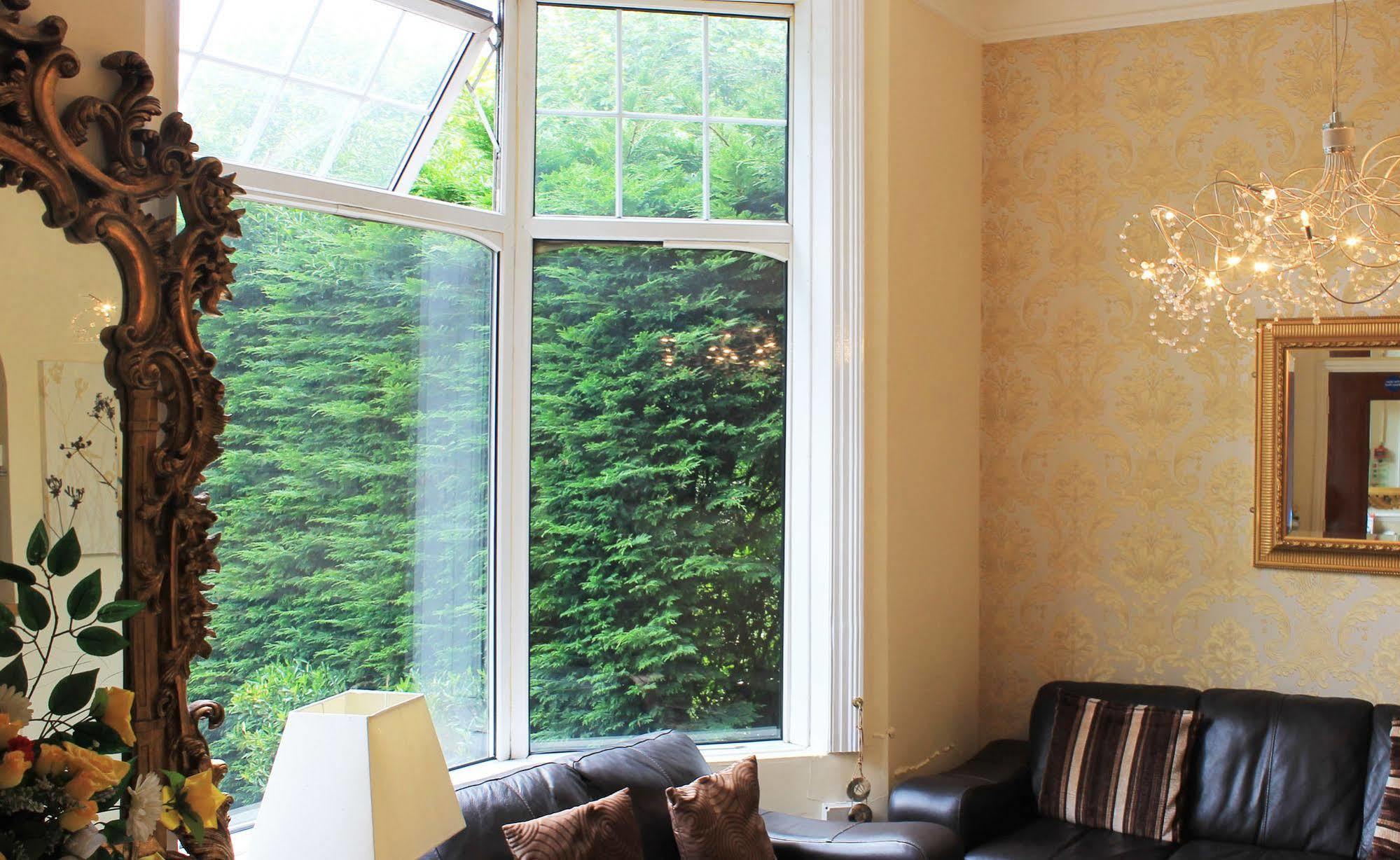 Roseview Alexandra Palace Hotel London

****

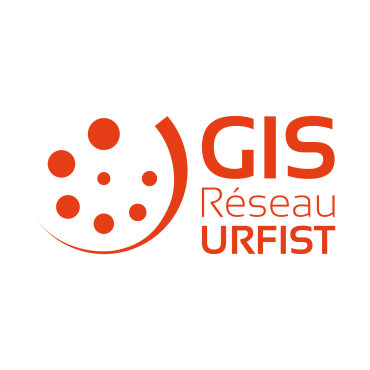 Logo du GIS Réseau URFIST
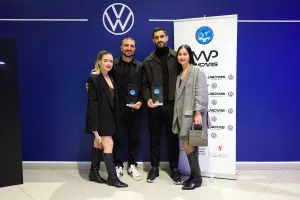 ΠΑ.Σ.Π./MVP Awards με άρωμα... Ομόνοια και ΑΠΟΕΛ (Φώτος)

****

EXERCISE AIM:
Would you print exactly the lines in the listing above, from the line bearing "Logo du GIS Réseau URFIST" through the line bearing "ΠΑ.Σ.Π./MVP Awards με", leaving out all pictures?

ANSWER FOR THIS EXERCISE:
 Logo du GIS Réseau URFIST
 ΠΑ.Σ.Π./MVP Awards με άρωμα... Ομόνοια και ΑΠΟΕΛ (Φώτος)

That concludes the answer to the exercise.